この神社じたいは特に目的地に設定していませんでしたが、その脇にあった道祖神が気になったので原付を停めてみました。
左手に大小合わせて2体、石で出来た僧形の坐像が仲良く並んでいます。
さらに、右手にあるのが文化八年(1811年)の百番供養塔と、南無阿弥陀仏の揮毫石塔でした。
この坐像は地蔵尊ではなく僧形です。
いつ、誰が何のために掘り、モデルは誰をかたどったものか特に記載がありません。
そのお顔は後から付け足されたコンクリート製のもので、丁寧に表情が作りこまれています。
凹凸で表現した眉毛や眼球、少し突き出した下あごなどの造形がコミカルで、どこかしら困惑したような、空虚に満ちたような表情を見せています。
この顔を作った方は、どのような思いで造形したのか。
ちょっと聞いてみたくなります。
右手にある坐像も僧形のもの。
こちらは何か面白くない事でもあったのでしょうか。
小さいながらもむっつりと固く結ばれた口からは、何か言いたそうな迫力というか、近寄りがたい威厳がにじみ出ています。
文化八年の百番供養塔。
百番供養塔というのは百番巡拝塔とも呼ばれて関東に多く見られるもので、三十三観音を3回巡拝した記録として建てられるものが多く、坂東・秩父・西国三十三観音などを巡拝した記念もあれば、坂東33観音を3回巡った記念の場合もあるそうです。

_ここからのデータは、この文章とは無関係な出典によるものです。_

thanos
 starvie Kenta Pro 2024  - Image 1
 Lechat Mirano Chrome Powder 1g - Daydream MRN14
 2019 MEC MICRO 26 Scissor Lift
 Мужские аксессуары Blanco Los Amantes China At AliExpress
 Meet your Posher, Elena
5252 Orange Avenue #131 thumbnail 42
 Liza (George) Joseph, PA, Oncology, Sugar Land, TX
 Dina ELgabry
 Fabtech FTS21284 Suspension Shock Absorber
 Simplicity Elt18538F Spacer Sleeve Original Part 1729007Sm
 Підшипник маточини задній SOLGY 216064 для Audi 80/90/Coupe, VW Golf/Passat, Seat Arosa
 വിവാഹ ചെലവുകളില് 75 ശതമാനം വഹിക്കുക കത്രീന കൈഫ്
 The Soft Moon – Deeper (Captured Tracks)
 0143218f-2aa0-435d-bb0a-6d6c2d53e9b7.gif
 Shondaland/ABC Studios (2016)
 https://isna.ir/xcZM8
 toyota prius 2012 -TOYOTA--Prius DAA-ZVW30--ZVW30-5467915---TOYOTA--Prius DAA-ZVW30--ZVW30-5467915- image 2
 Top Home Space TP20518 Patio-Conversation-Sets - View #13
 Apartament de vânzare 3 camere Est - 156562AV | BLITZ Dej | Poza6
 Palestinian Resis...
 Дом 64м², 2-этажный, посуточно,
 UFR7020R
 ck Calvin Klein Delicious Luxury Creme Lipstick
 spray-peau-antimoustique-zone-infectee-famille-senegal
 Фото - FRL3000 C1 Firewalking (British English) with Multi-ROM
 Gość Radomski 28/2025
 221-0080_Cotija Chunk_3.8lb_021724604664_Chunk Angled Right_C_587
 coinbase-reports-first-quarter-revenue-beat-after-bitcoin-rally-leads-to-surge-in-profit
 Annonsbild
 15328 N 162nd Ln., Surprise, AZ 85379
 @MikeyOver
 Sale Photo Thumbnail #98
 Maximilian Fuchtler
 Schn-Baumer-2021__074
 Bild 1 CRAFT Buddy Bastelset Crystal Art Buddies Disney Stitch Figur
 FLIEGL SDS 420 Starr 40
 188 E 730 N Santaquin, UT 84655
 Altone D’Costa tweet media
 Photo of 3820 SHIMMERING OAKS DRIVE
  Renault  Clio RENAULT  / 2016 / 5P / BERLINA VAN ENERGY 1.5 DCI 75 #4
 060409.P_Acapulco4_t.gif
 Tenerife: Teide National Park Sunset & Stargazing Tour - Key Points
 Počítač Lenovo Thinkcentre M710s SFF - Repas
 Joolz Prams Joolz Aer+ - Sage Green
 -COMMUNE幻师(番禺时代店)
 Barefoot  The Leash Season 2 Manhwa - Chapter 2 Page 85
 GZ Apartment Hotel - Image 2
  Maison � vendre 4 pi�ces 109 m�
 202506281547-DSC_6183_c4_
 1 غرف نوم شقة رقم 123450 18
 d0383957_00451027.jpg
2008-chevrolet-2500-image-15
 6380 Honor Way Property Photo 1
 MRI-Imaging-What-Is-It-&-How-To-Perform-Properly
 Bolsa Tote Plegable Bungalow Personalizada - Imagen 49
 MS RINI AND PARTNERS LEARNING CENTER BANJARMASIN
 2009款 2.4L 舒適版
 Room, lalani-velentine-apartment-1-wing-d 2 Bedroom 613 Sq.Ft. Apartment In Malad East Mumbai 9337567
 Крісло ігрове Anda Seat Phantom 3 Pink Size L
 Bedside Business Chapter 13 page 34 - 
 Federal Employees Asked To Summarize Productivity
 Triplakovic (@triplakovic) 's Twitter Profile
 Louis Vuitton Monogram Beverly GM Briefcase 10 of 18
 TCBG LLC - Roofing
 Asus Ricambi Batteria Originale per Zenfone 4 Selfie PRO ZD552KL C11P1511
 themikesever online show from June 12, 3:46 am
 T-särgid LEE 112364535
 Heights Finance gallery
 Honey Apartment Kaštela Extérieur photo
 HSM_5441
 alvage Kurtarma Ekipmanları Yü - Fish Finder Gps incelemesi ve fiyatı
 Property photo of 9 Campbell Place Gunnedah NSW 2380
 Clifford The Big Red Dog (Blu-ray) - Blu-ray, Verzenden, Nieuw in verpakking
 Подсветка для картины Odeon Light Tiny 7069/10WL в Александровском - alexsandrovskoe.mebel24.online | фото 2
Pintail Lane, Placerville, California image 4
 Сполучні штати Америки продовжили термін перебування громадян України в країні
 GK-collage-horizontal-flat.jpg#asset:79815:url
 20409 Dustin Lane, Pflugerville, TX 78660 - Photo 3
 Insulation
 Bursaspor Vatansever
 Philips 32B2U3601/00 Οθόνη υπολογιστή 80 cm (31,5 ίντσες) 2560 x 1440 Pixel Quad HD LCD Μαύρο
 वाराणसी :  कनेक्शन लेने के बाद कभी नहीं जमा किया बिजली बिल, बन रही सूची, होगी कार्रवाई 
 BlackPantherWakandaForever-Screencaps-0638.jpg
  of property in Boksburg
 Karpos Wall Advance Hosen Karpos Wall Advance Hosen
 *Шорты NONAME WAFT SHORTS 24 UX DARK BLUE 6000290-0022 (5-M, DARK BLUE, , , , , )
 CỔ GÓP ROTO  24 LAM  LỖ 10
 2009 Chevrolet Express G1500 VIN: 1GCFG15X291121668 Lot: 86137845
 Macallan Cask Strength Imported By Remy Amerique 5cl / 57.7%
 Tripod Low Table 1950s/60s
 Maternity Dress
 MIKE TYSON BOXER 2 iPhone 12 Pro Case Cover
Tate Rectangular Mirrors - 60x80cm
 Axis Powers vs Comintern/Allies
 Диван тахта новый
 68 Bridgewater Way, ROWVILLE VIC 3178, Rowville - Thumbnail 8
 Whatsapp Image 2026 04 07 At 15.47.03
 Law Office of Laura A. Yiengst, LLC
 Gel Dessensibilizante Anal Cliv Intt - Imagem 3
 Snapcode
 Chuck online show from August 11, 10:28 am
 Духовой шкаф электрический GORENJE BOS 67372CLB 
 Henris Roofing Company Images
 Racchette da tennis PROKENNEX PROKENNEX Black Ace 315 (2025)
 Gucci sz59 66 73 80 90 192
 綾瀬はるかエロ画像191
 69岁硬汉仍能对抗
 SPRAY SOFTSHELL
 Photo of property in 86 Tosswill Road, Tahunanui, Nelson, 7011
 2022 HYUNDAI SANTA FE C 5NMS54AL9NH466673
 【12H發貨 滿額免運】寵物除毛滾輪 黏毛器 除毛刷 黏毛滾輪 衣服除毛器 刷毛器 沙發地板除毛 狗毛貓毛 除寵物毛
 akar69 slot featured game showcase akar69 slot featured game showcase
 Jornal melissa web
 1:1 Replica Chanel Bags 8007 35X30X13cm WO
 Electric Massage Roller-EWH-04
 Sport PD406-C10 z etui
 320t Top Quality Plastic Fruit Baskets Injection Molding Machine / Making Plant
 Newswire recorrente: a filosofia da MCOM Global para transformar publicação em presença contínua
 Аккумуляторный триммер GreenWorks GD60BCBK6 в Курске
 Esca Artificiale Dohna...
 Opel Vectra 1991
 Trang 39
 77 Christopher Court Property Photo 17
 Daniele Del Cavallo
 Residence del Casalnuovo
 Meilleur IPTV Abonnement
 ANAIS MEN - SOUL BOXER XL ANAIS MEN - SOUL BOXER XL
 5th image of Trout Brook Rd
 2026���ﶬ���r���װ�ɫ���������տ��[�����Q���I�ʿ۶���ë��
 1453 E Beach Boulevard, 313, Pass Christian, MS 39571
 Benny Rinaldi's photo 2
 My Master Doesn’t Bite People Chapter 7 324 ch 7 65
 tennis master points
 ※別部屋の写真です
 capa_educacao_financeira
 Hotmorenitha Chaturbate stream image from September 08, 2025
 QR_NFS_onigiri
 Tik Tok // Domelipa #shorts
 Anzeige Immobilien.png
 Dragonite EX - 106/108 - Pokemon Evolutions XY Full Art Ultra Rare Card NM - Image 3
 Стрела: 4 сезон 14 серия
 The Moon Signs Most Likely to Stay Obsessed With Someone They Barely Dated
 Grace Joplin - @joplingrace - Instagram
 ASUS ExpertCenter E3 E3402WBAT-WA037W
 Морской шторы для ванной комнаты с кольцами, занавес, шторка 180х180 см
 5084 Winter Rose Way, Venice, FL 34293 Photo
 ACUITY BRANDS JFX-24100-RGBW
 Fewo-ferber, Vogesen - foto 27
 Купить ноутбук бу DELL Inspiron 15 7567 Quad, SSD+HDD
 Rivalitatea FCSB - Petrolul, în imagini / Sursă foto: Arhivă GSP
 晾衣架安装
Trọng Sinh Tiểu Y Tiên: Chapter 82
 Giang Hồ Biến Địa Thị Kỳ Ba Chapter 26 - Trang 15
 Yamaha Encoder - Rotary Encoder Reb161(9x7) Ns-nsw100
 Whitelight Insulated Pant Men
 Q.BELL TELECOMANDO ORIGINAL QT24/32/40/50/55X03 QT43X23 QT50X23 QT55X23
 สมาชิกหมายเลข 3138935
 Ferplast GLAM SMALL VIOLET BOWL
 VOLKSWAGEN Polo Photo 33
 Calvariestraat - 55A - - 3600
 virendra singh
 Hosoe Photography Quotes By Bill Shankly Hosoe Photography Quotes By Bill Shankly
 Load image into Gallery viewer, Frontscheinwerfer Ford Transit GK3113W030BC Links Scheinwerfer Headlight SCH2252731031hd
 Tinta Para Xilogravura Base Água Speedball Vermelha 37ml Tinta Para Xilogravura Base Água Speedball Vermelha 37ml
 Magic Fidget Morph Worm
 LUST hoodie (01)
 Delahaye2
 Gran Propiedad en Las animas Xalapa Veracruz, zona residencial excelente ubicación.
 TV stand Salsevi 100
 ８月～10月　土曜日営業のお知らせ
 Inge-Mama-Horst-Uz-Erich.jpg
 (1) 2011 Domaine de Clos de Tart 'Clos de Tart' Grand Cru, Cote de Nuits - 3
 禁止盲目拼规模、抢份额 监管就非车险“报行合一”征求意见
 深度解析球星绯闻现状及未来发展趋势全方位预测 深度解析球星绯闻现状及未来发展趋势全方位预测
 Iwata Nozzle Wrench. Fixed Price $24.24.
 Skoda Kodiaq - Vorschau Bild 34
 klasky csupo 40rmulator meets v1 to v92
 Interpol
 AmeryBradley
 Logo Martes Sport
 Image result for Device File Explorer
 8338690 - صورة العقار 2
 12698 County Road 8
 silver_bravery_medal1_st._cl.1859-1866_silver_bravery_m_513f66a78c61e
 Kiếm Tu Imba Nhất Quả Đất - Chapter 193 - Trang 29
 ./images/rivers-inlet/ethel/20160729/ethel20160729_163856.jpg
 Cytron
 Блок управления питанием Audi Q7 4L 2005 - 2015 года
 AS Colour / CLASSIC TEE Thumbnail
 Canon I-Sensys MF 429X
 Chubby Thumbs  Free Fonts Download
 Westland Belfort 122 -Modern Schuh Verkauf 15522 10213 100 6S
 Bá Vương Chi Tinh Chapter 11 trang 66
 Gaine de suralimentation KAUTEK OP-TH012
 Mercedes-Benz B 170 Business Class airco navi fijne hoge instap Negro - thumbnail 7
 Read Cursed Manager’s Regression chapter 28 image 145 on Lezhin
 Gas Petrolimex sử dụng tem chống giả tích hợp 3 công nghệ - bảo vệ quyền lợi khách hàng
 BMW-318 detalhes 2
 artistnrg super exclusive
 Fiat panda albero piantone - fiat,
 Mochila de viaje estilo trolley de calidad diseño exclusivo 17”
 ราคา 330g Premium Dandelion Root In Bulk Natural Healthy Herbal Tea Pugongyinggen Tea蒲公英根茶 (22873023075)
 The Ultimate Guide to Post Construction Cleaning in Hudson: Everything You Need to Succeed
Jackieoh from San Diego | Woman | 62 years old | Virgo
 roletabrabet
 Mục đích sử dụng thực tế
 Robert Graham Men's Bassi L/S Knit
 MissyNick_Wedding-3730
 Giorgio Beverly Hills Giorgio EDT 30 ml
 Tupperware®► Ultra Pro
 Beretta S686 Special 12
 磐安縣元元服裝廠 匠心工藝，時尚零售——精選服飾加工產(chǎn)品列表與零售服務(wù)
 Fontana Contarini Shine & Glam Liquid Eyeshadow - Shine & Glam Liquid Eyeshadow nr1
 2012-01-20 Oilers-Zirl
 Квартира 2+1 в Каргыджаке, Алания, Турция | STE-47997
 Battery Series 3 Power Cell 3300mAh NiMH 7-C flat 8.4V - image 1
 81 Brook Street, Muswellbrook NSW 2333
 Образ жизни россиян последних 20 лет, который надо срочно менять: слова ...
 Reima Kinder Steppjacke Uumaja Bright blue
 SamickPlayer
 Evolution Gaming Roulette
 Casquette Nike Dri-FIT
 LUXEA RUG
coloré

いったい、誰がどのような思いで巡拝したのでしょうか。
今とは違って全てが歩きの行程で、スマホどころか大した地図もない旅路ですから、それはそれは大変な旅だったと思います。
南無阿弥陀仏の揮毫石塔。
おそらく、この筆の運びから徳本上人のものと思われます。
徳本上人の物であれば下の方に独自の紋が入っているはずですが、コンクリートに埋められてしまっており探すことはできませんでした。
これらはgoogleの地図では道祖神として紹介されていました。
ただ、実際に道祖神であるかどうかは分かりません。
ずっと長い間、ここでこうして来たのでしょう。
いつしか時代の流れにそって少し向きが変わった、という記述もインターネット上にありましたが、この像に対する詳しい記録は「新編相模国風土記稿」などの史料などを見ても見当たらず、この石像ができた経緯や時代背景など、あくまでも推測するしかありません。
ただ、この石像に向き合って見つめあっていると、科学万能と謳われながらも多くの人々が信心をなくしてしまい、仏法など忘れ去ってしまったかのような現代を嘆いておられるようで、どこか諦めにも似た空虚なお顔に見えてしまうのは気のせいなのでしょうか。
昨日も今日も変わることなく、この城堀の道祖神さまは悲し気なお顔で、またムッツリしたお顔で、神社の脇をせわしなく歩く現代人たちの後ろ姿を見つめているのです。